Hi,
I wrote a small spark application to generate some random data. It works
fine if I use "local[n]" but when I use "mesos://..." the vals of outer
object that I am using in my function which is passed to RDD.foreach are
being set to zero.
import java.io._
import math.rint
import org.apache.spark.SparkContext
import org.apache.spark.SparkContext._
object DataGen extends App {
val nClusters = 10
val nCols = 10000
val nRows = 10000
val rgen = new util.Random
System.setProperty("spark.executor.uri",
"hdfs://1b/spark/spark-0.8.0-incubating.tar.gz")
System.setProperty("spark.mesos.coarse", "true")
val sc = new SparkContext("mesos://10.0.1.128:5050", "Data Generator",
"/home/yuzr/spark/spark-0.8.0-incubating",
List("/home/yuzr/datagen/DataGen-assembly-0.1.jar"))

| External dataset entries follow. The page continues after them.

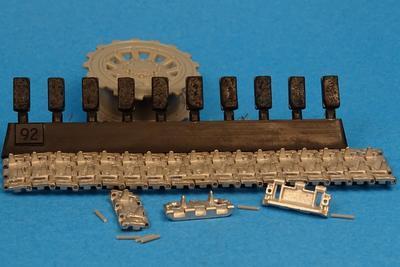 マスタークラブ MTL-35092 1/35 AMX-13 摩耗したラバーパッド用履帯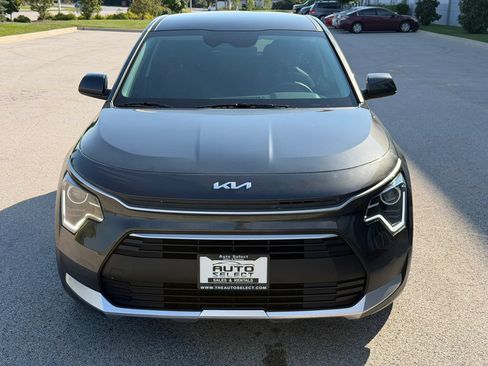 Used 2026 Kia Niro LX FWD image 2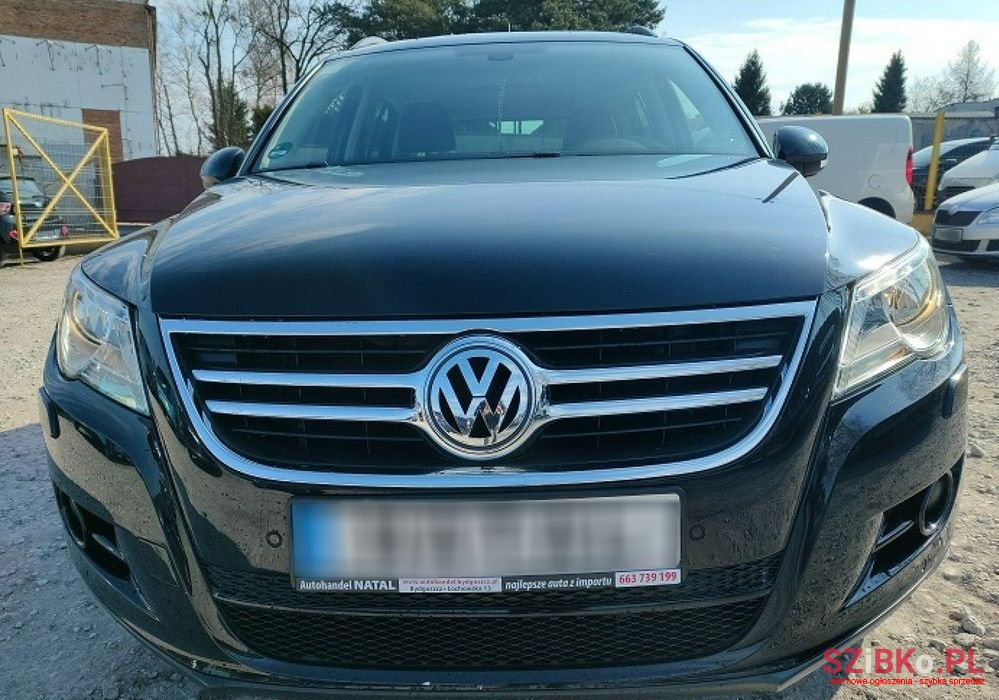 2010' Volkswagen Tiguan photo #6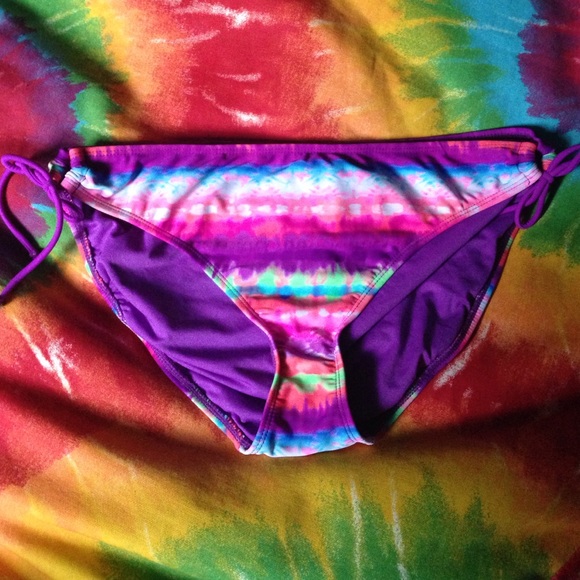 NWOT TIE DYE MUDD BIKINI BOTTOMS
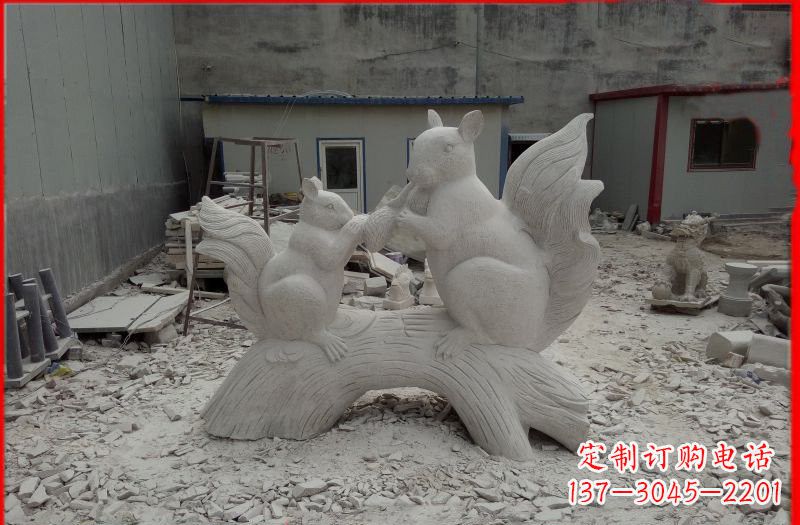 兰州中领雕塑  松鼠之爱 石雕定制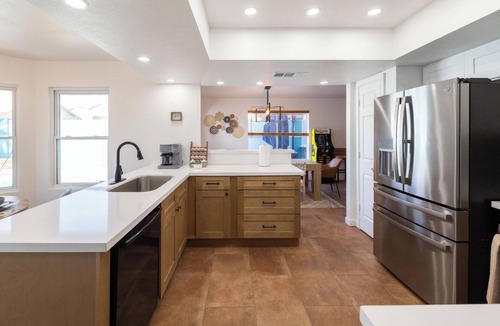 Ahwatukee Foothills House | Phoenix 4BR Oasis—Free Heated Pool + Game Room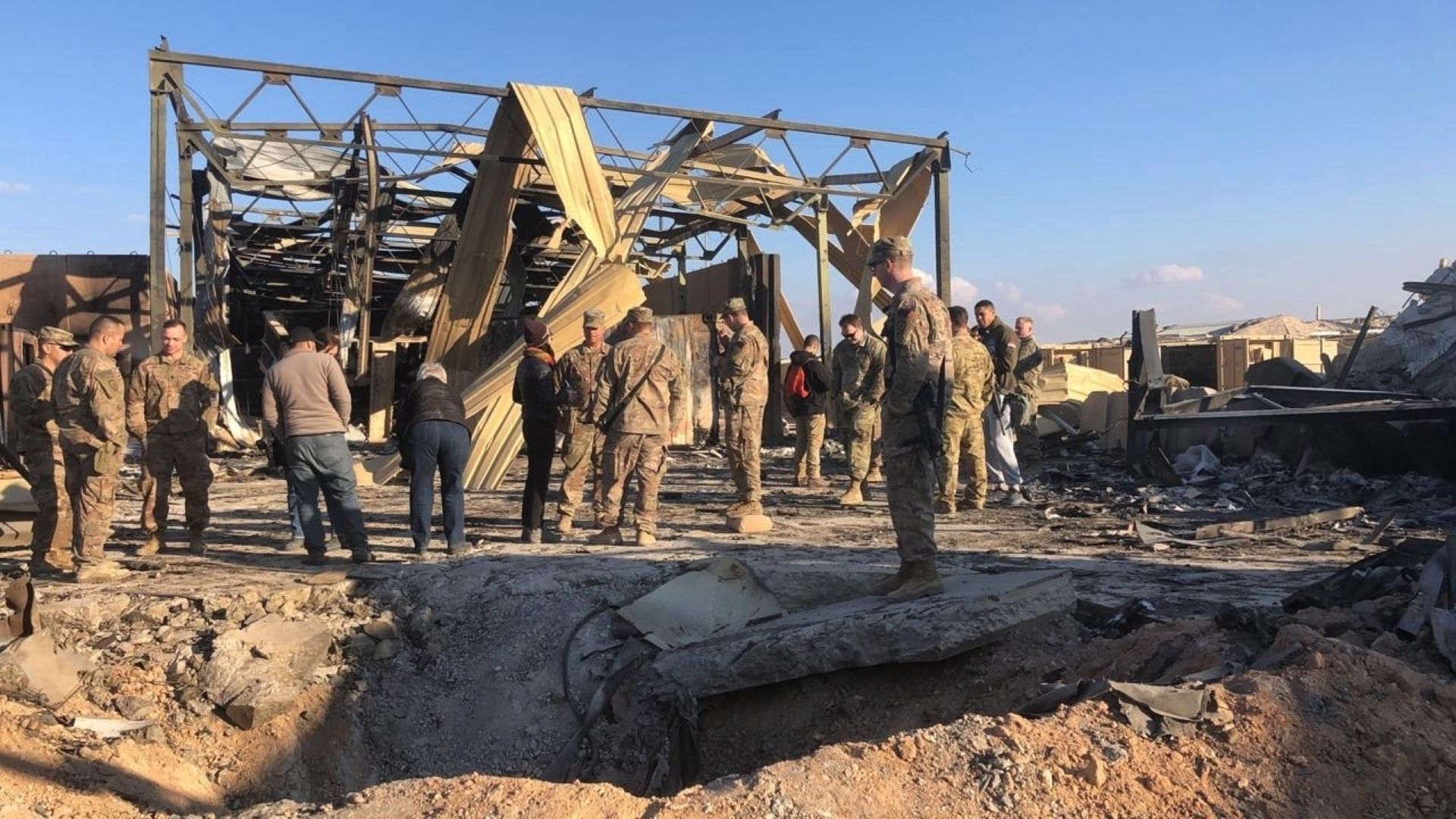 Американски военни сред разрушенията в базата в Ирак, ударена от ирански ракети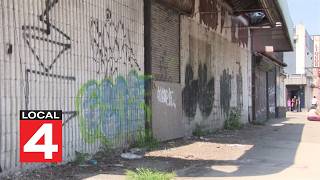 Highland Park residents organize cleanup at former Henry Ford Middle School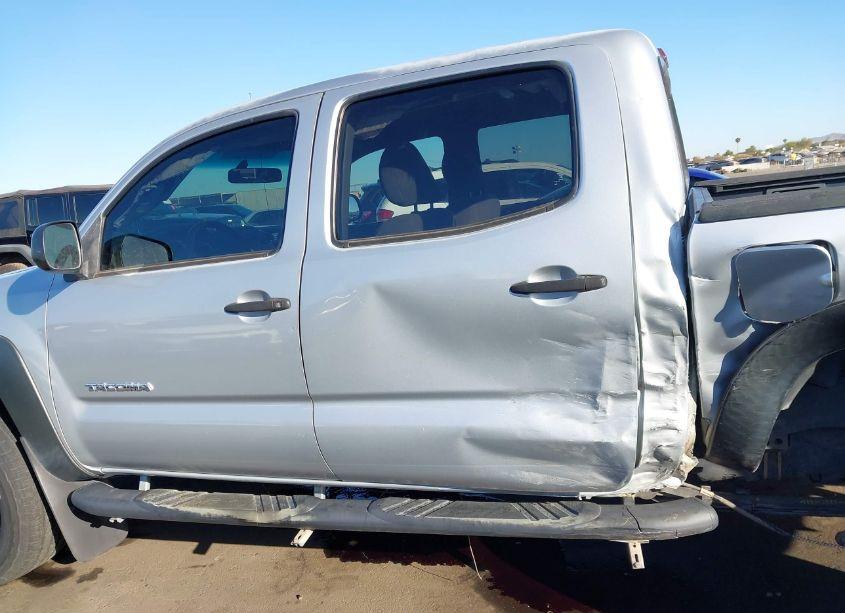 Photo 14 of 2009 Toyota Tacoma PRERUNNER V6 (VIN 3TMJU62N49M074620)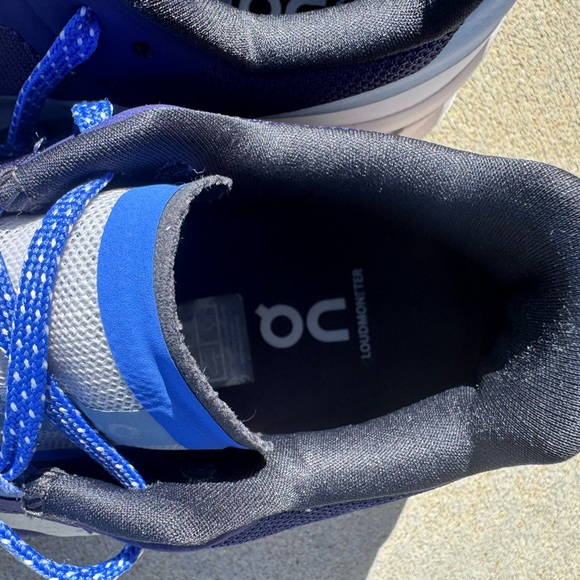 On Running Cloudstratus Blue and White Shoes - Picture 6 of 8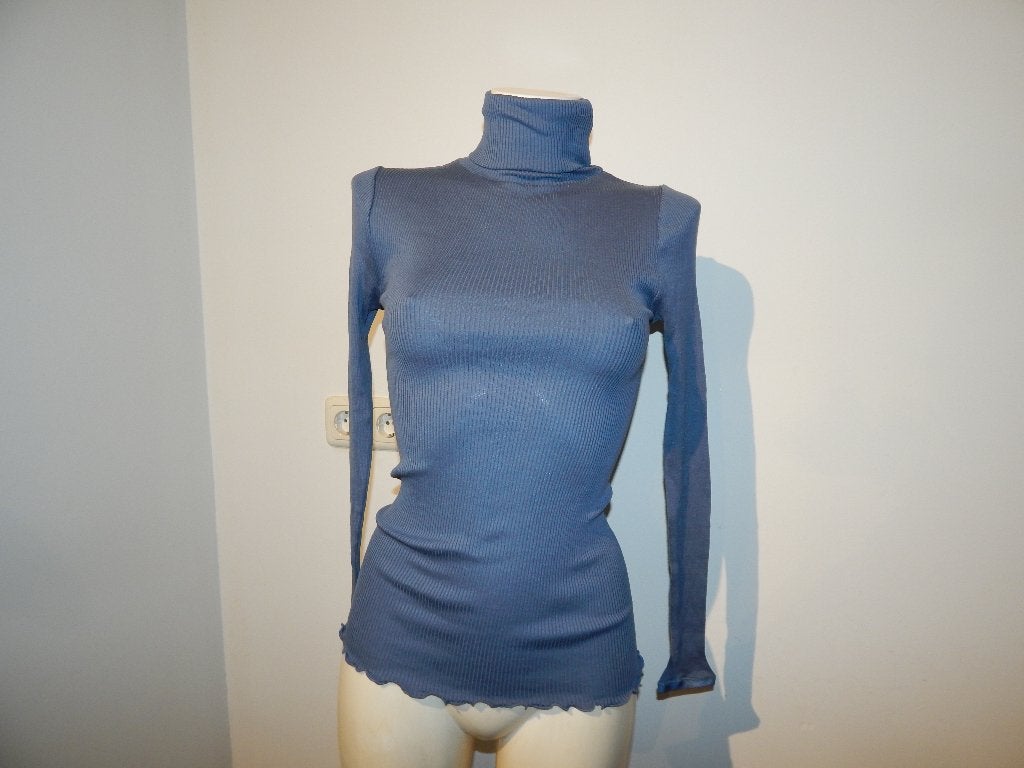 Rosemunde ijs blauw kolletje zijde lange mouwen M, Kleding | Dames, Maat 38/40 (M), Nieuw, Rosemunde, Verzenden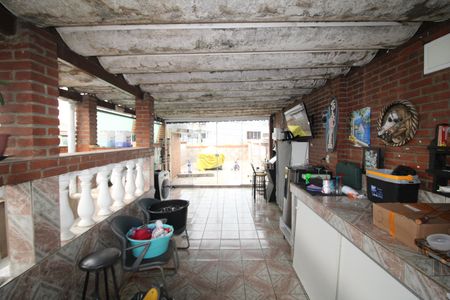 Casa à venda com 600m², 2 quartos e 2 vagasÁrea de Serviço
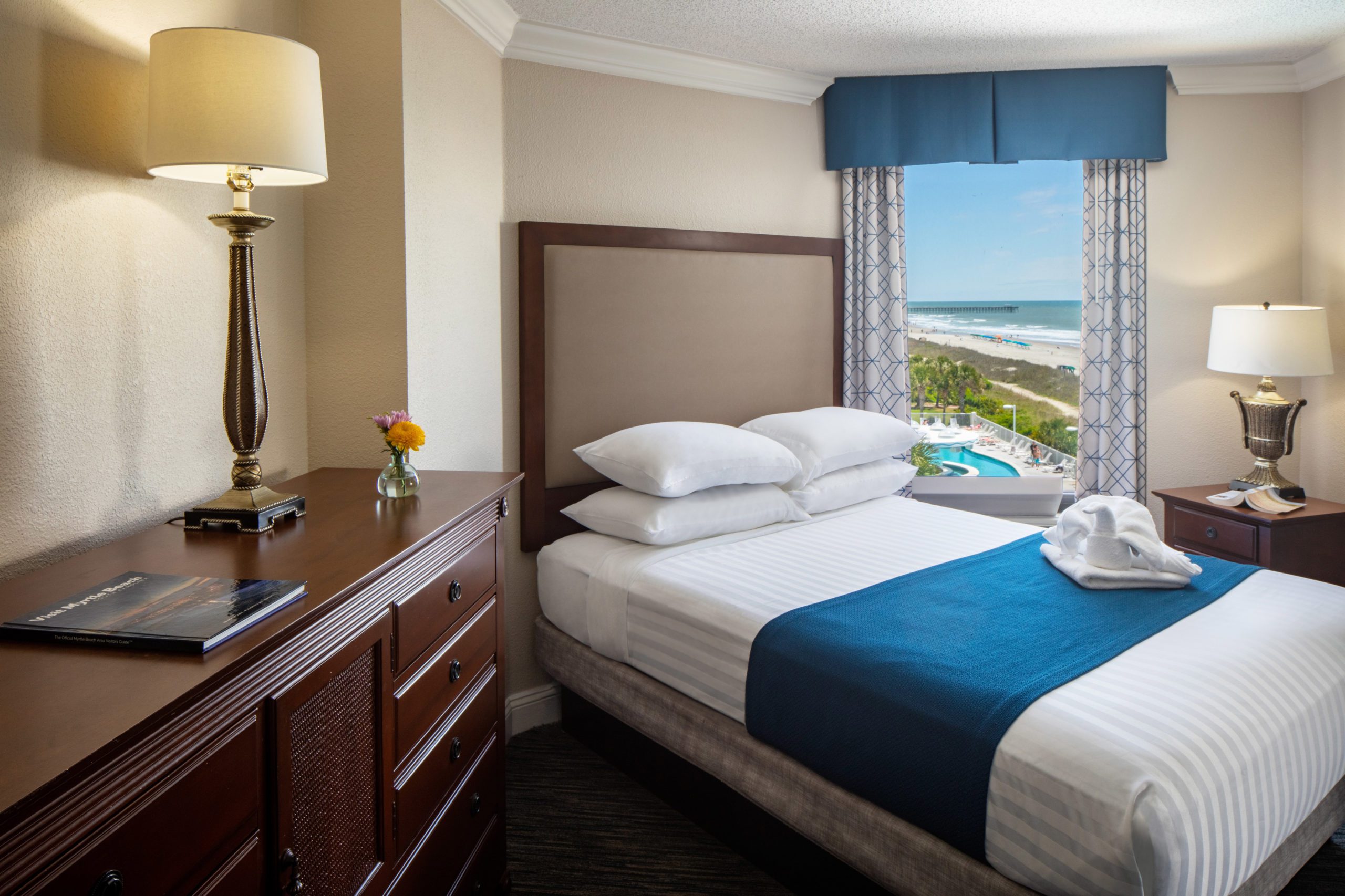 Oceanfront Queen Jr Suite With Murphy Bed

val clusters = sc.parallelize(1 to nClusters)
val nRowsInCluster = nRows/nClusters
*println (**"nRowsInCluster=" + nRowsInCluster) //---> prints 1000 in
spark driver*
* clusters foreach { x => writePart(x, nRowsInCluster) }*
* //clusters foreach writePart --> had this originally*
def writePart(nCluster: Int, nRowsInCluster: Int): Unit = {
val partFile = "/tmp/y" + nCluster + ".txt"
val partWriter = new java.io.PrintWriter(partFile)
...
* println("Cluster #" + nCluster) --> prints 1 to 10*
* println ("nRowsInCluster=" + nRowsInCluster) --> prints 0 ??*
...
}
partWriter.close
}
}
What am I doing wrong?
Mohit.